▶ [Information shown]
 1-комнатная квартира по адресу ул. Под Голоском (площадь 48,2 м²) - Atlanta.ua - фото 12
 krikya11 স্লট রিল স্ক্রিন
--
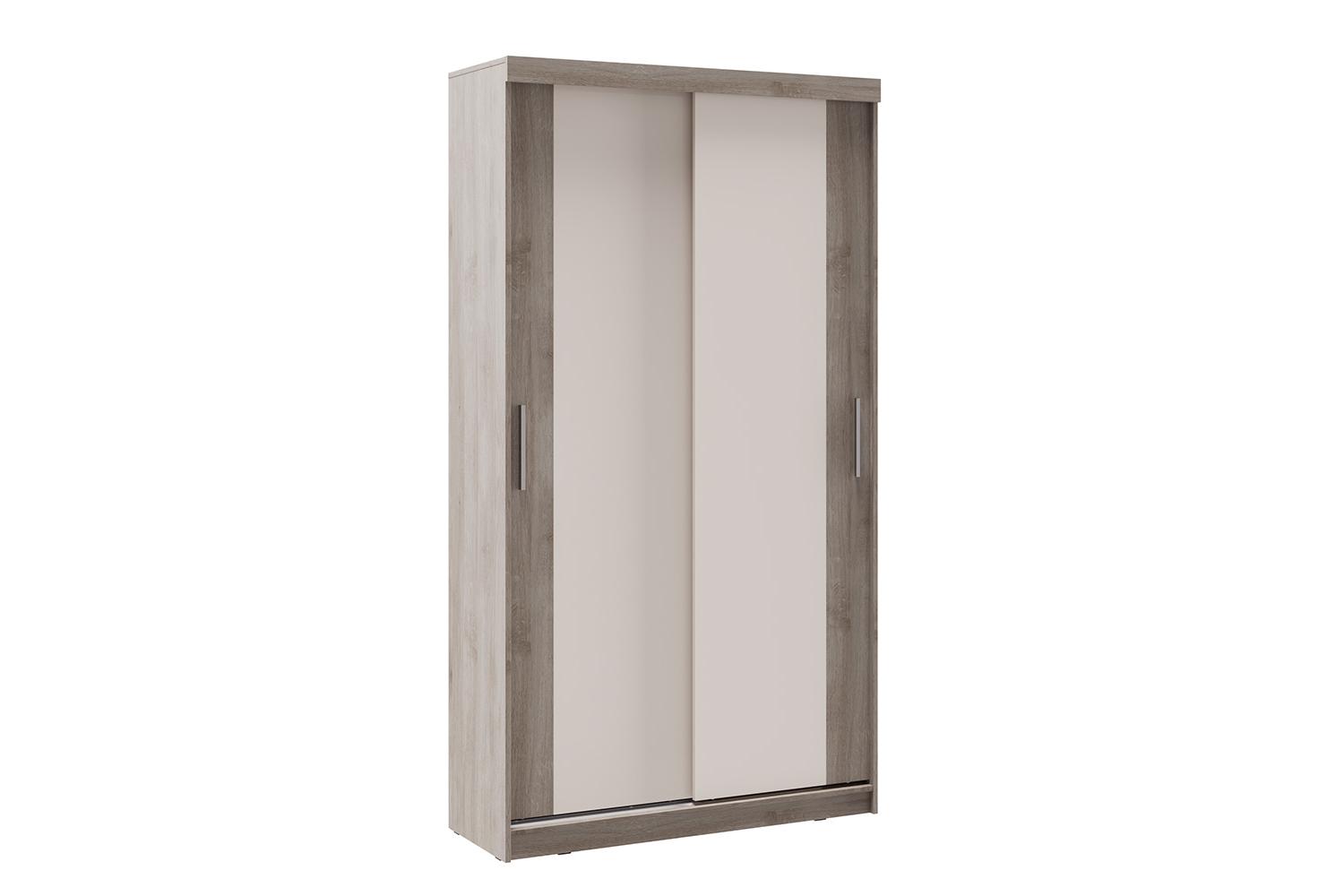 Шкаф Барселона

▶ [Assignment]
Of all the entries above, retype exactly the lines from the line with "1-комнатная квартира по" to the line with "krikya11 স্লট রিল স্ক্রিন", both included, and no others.

▶ [Solution for this exercise]
 1-комнатная квартира по адресу ул. Под Голоском (площадь 48,2 м²) - Atlanta.ua - фото 12
 krikya11 স্লট রিল স্ক্রিন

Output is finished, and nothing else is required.